There is a surprise “fix” for sunny day exposures; Turn On Your Flash!

Now, here is the fix.  If we want to get good (not totally blown out) exposure in the brightest parts of the image, so we generally are going to meter near that brighter area.  Without some help, the dark areas will be too dark.  In this case, the subject is really the sailor and it is him we want to have properly exposed. We need to choose the proverbial “lesser of evils” and let the sky go more toward white.  I know, it  seems odd that this can happen on a sunny day.  The second image is better, by metering more toward the subject (perhaps on the darker colored water – not the whitecaps). But it is still in shadow.
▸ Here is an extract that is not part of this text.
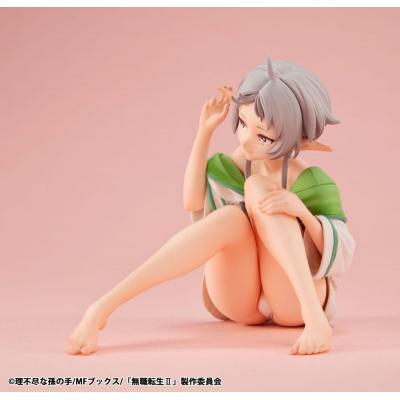 Mushoku Tensei Jobless Reincarnation 2 Estatua PVC Melty Princess Sylphiette Palm Size 8 cm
There is a surprise fix for sunny day exposures:  turn on your flash!  Again many, if not most smartphone cameras allow for some choices, and if there is a “fill in flash” option, choose that one. The flash is not strong enough to affect the sky and water in the background, but it does light the person in the foreground (again, I simulated what a fill in flash exposure would do with this image).  The camera will, pretty intelligently, light the dark areas without overly affecting the bright areas. Obviously, it should go without saying that you can also use this flash feature when there is not enough light overall. Again, having an app that allows specific placement of the metering area will be useful here, both to get the differences in lighting covered, but also hopefully to tell you when you simply do not have enough light for a good exposure.

Fill in Light

There are limitations to flash (on every camera, not just smartphones).  Have you ever noticed spectators in the “nosebleed” section of a concert venue or sports stadium, popping flash images.?  Their flash is doing nothing for them except draining their phone battery. Flash is a wonderful addition, but it doesn’t reach very far.  It is only going to light up images that are very close to you.